Putting extra money into superannuation may finally be coming back into favour, as confidence in the sharemarket makes a long-awaited recovery.
Some $117.5 billion was poured into super last financial year, the second-highest yearly inflow on record. Australians have not put so much money into super in one year since 2006-07, when people poured in a staggering $163.7 billion. Back then, however, many were frantically exploiting generous tax breaks introduced by the Howard government.
These perks, long since scaled back, allowed people to put up to $100,000 into their super tax-free, so many had a good reason to pile into super. Further sweetening the deal, the sharemarket was on a roll. Almost no one had heard of subprime debt.
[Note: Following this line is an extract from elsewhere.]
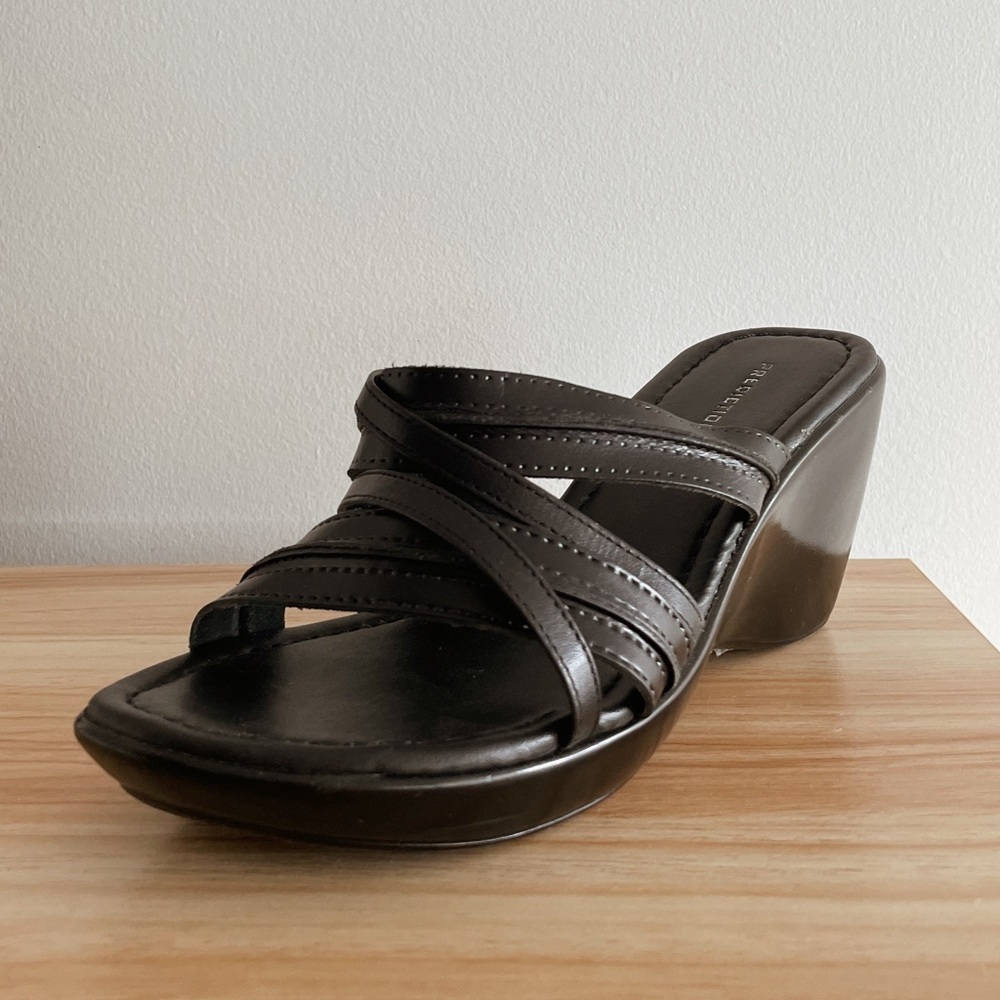 Y2K strappy platform sandals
Today, however, things are different. The amount people can contribute tax-free has been steadily cut, eroding the incentive to pour large amounts into super. On the contrary, it looks likely that tax concessions will be cut significantly in this year's budget.
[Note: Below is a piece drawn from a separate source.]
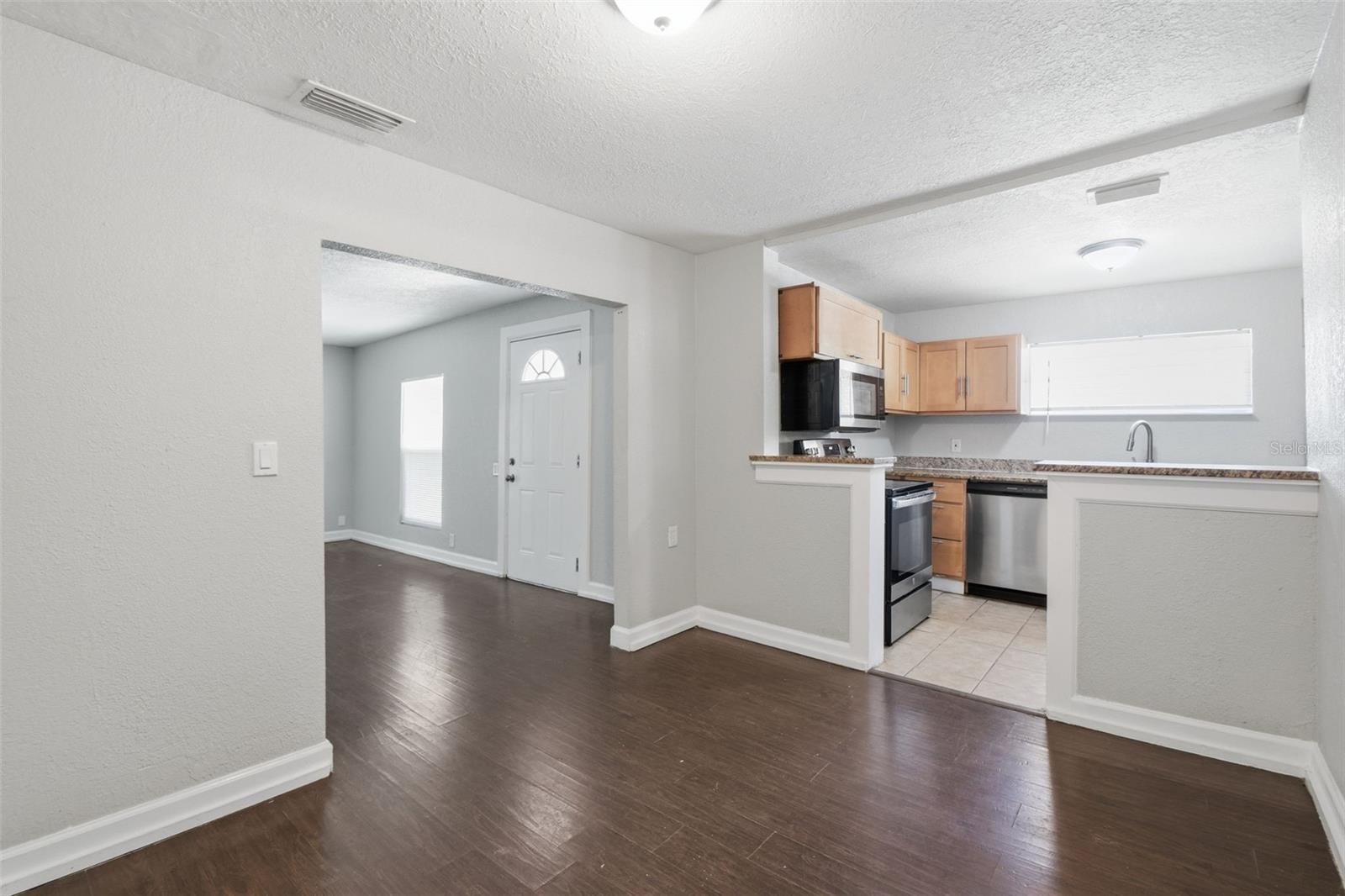 1410 E WATERS AVE — photo 8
What's more, most remain cautious about the sharemarket, despite its strong start to the year.
So what might be driving the latest rise in voluntary super contributions?
According to many analysts, battered confidence in the system may finally be recovering, after years of subpar returns.
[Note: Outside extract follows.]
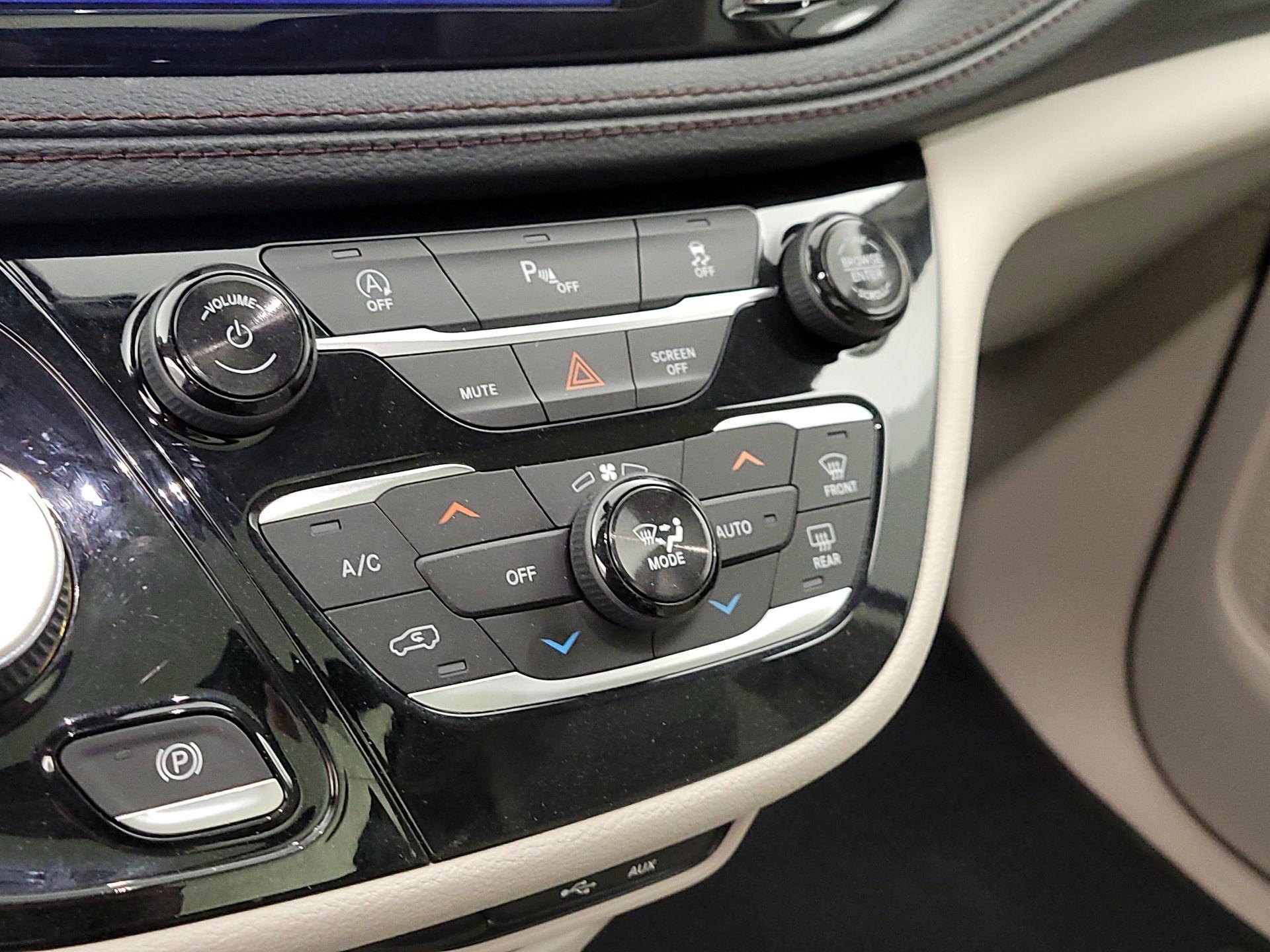 Thumbnail: 2018 Chrysler Pacifica - 17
Thanks to the sharemarket plunge at the height of the 2008 global financial crisis, super balances of many people nearing retirement were hard hit late last decade.
In the market turmoil, many sought out the safety of cash. And for a while at least, term deposits were able to deliver solid returns of more than 6 per cent.
Now, however, lower interest rates have pushed down returns available from bank deposits, and they are not expected to rise any time soon.
At the same time, super funds are showing more promising signs. The typical fund posted an 11.7 per cent return last calendar year, according to SuperRatings, the best result since 2009.
Fortunately for people who topped up their super early in the year, much of this rally occurred in late 2012, with the typical fund gaining 7.8 per cent in the six months to December.